Doth the Court Protest Too Much?

A judge at New York County wants us to believe that his decision to delay the sentencing of President Trump proves the case is free from politics.

AP Photo/Seth Wenig
Judge Juan Merchan in his chambers at New York, March 14, 2024. AP Photo/Seth Wenig

What strikes us about Justice Juan Merchan’s order delaying until after the election the sentencing of President Trump in the Stormy Daniels hush money case is the last paragraph. That’s where he claims his decision “should dispel any suggestion” that the Court “will have issued any decision” to give an advantage or  disadvantage for any political party or any candidate for any office. Writes he: “The Court is a fair, impartial, and apolitical institution.”

Just for the record, we doubt there’s a single upright-walking biped at the entire county of New York who would, in private, credit that claim. That His Honor felt the need to make the claim underscores the point. The trial of the 45th president on the Stormy Daniels payments has been political from the get-go — an example of one of the worst abuses there is in law, articulated by the Soviet Union’s Lavrenti Beria as “show me the man, and I’ll show you the crime.”

This whole trial has been about an effort to find a crime with which to accuse a specific individual whom the prosecutor and his political party detest. And whom they feared — and still fear — might yet win a second term. This was announced publicly by the district attorney of New York County, Alvin Bragg, when he ran for office, at least in part on a platform of planning to prosecute the 45th president. 

Mr. Bragg secured the Democratic nod for district attorney — tantamount to winning the general election — with boasts during the primary season that he had “sued Mr. Trump’s administration,” as the Times reported, “more than a hundred times.” As a candidate Mr. Bragg spoke in 2020 of the “staggering” number of legal issues “swirling” around Trump, noting that the “matter involving” the president’s ex-fixer Michael Cohen “stood out.” 

Mr. Bragg observed that “presumably, the evidence is there,” even while vowing not to “prejudge” the case. Yet “if they’ve already said it in a charging instrument,” he explained, “I presume it could be, you know, accurate and charge ready.” To appeal to the most partisan among Democratic primary voters, Mr. Bragg boasted that he had “investigated Trump and his children and held them accountable for their misconduct with the Trump Foundation.” 

This was by way of assuring the voters, Mr. Bragg said in a candidate forum in late 2020, that “I know how to follow the facts and hold people in power accountable.” What about the presumption of innocence to which all defendants, even a former president, are entitled. As these columns have asked, “With comments like this, did Mr. Bragg breach the ethics of his office by in effect running on a platform to prosecute Mr. Trump?”

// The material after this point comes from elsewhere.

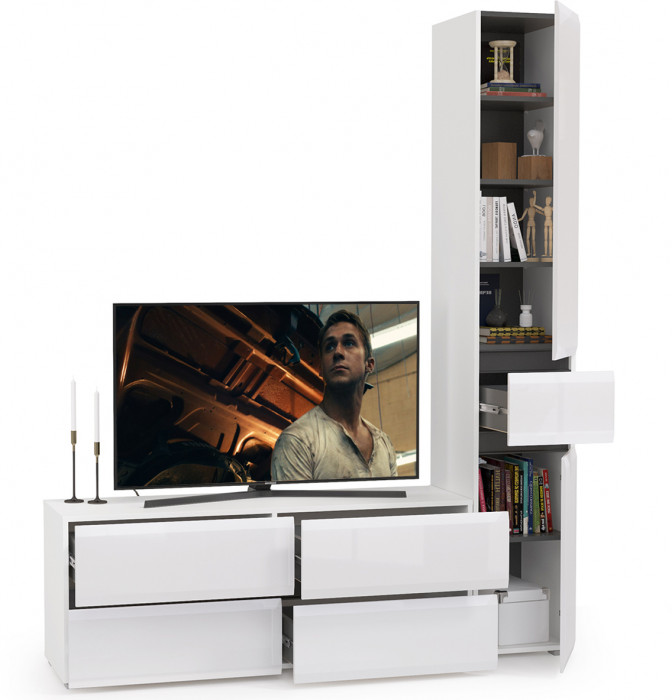 Сидней Комплектация № 015, корпус: белый/чёрный/фасады: МДФ белый глянец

All that was before Mr. Bragg was elected district attorney. Even then, it wasn’t easy. All the prosecutors who might have brought the case — but weren’t bound by campaign promises to get the former president — had refused to levy charges. Mr. Bragg, having taken the matter to the voters, finally settled on misdemeanor charges for which the statute of limitations had passed. Then he fused them with another infraction to create a felony.

No wonder a Wall Street Journal editorial noted after Trump’s conviction that “normally a felony conviction would be politically fatal for a candidate,” but that “normally a prosecutor wouldn’t have brought this case.” The Journal also noted that Mr. Bragg “ran for office as the man ready to take on Mr. Trump.” It raised concerns, the Journal said, about the “precedent of using legal cases, no matter how sketchy, to try to knock out political opponents.”

Mr. Bragg’s prosecution is the kind of legal prestidigitation that Beria would have loved. It suggests, too, the kind of targeted prosecution against which FDR’s attorney general, Robert Jackson, warned prosecutors. Against this background Judge Merchan looks silly protesting that his decision to delay the sentencing isn’t political. Who’s he kidding? The part of justice for Judge Merchan would have been to dismiss this case long ago as a non-justiciable political question.